Früher kritisch beäugt in der Glasindustrie, ist sie aus der modernen Fertigung nicht mehr wegzudenken. Lasertechnologie ist wartungsarm und kostengünstig. Das macht sie zudem wirtschaftlich attraktiv. Ein Beispiel ist die Bearbeitung ultradünner Gläser für Displays. Auf mechanischem Weg ist es nicht möglich, diese Gläser mit teilweise winzigen Ausschnitten zu schneiden. Damit sich der Mobilfunkempfang in Gebäuden merklich verbessern kann, helfen Laser dabei, beschichtete Isolierglaseinheiten mit feinlinigen Mustern aufzubrechen, ohne dass sich die Optik der Gläser wesentlich verändert. Laser ermöglichen selbst thermische Prozesse. Glasbeschichtungen können auf mehrere hundert Grad erwärmt und damit verändert werden, ohne dabei das Glas selbst diesen Temperaturen auszusetzen. Insbesondere bei der Weiterverarbeitung thermisch vorgespannter Gläser bietet diese Technologie große Vorteile.
Der Einsatz von Lasertechnologie ermöglicht es, CO2 einzusparen, wenn alternative Energien eingesetzt werden, sogar zu vermeiden. Denn das energieintensive Aufbereiten von Prozesswasser nach zusätzlichem Schleifen entfällt ebenso wie das Herstellen des Schneid- und Trennequipments mit hohem Materialverschleiß.
Der VDMA Industriearbeitskreis Forschung & Technologie widmete sich diesem Thema in seiner letzten Sitzung im Februar. Verschiedene Unternehmen stellten im Rahmen der Veranstaltung ihre Anwendungen vor.
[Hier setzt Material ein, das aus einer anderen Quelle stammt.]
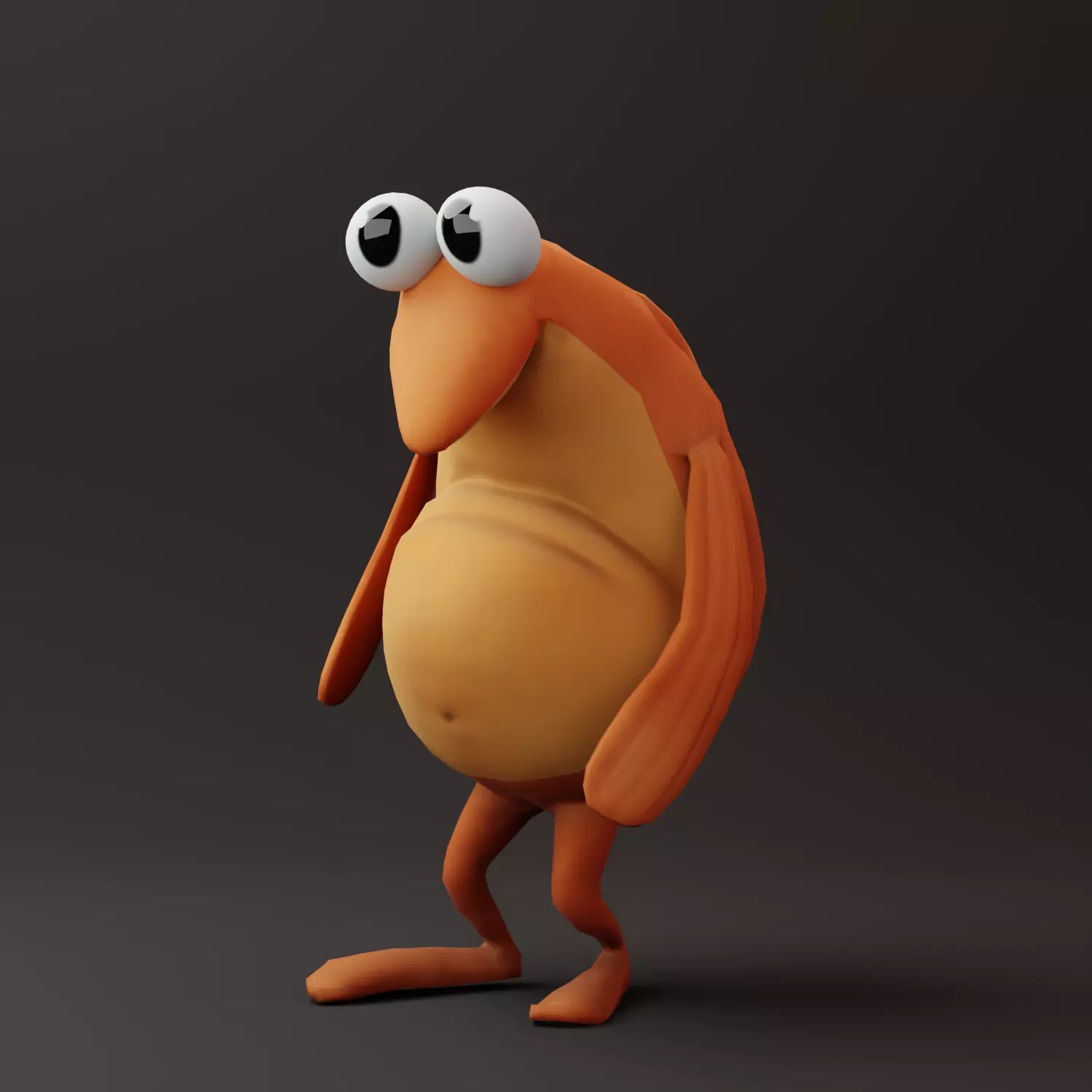 SpongeBob Fish - Incidental 70 Free low-poly 3D model_0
Die Flabeg Automotive Germany GmbH in Furth im Wald bietet Lösungen für unterschiedlichste Glas- und Spiegelanwendungen in der Glasveredelung an und setzt dafür Laser zum Schneiden und Bohren ein. Das Laserschneiden erfolgt in zwei Stufen. Zunächst mit der Perforation entlang der künftigen Trennlinie, dann mit einen Riss entlang der Perforation, damit das Glas abgesprengt werden kann. Das Übereinanderstacken der Filamente ermöglicht dieses Verfahren bis zu einer Glasdicke von 12 Millimetern und einer Geschwindigkeit bis zu 500 mm/s, allerdings nur bei flachen Gläsern.
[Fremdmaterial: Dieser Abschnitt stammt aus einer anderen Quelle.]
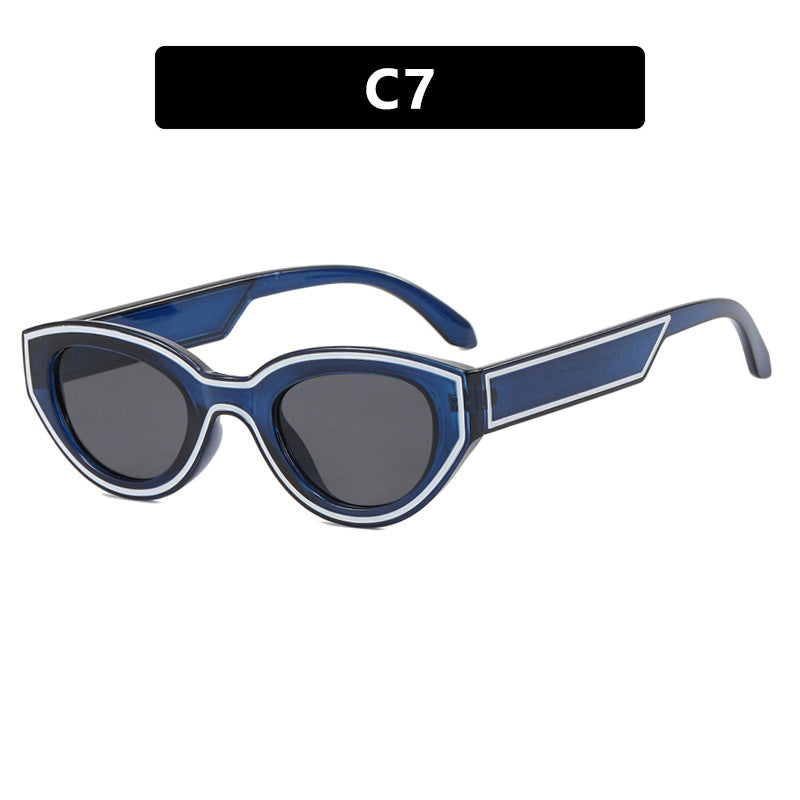 Damen Cat-Eye Sonnenbrille mit robustem transparenten Rahmen und schützendem UV-Filter Brehn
Das Laserbohren hingegen ist ein einstufiger Prozess, bei dem der Laserfokus durch die Glasdicke geführt wird. Dieser Prozess bietet mehr Gestaltungsmöglichkeiten für das Glas, beispielsweise für leicht gekrümmte Gläser. Bei beiden Prozessen erfolgt der Energieeintrag durch nichtlineare Prozesse. Dies führt zu räumlich und zeitlich stark lokalisierten Strukturänderungen im Glas, sodass es außerhalb des Fokus nicht beeinträchtigt wird.
Auch die Saint-Gobain Gruppe setzt verschiedene Verfahren in ihrer Produktion ein, besonders in den Segmenten Automotive Glass und Building Glass. Die dort hergestellten Glasprodukte müssen spezielle Funktionen sicherstellen, so soll Wärmeschutz bei gleichzeitig hoher Lichttransmission gewährleistet sein. Manche der aufgebrachten Schichten haben weitere Aufgaben. Wenn sie elektrisch leitfähig sind, lassen sie sich beheizen und damit gut als Windschutzscheiben einsetzen. In der Regel erfolgt die Beschichtung mit CVD- oder PVD-Verfahren.
Eine silberbasierte Low-E-Beschichtung beispielsweise ist im unbehandelten Zustand amorph. Erwärmt man sie, kristallisiert sie. Der Wärmeschutz und die Lichttransmission nehmen zu. Die Herausforderung liegt darin, nur die Low-E-Schicht einer Wärmebehandlung zu unterziehen. Klassische Verfahren, welche die gesamte Scheibe erwärmen, sind somit ausgeschlossen. Die beschichtete Scheibe fährt nun unter einer nur 100 µm schmalen Laserlinie hindurch. Die Schicht wird dabei auf bis zu 500 °C erhitzt, während die Glastemperatur bei maximal 150 °C bleibt.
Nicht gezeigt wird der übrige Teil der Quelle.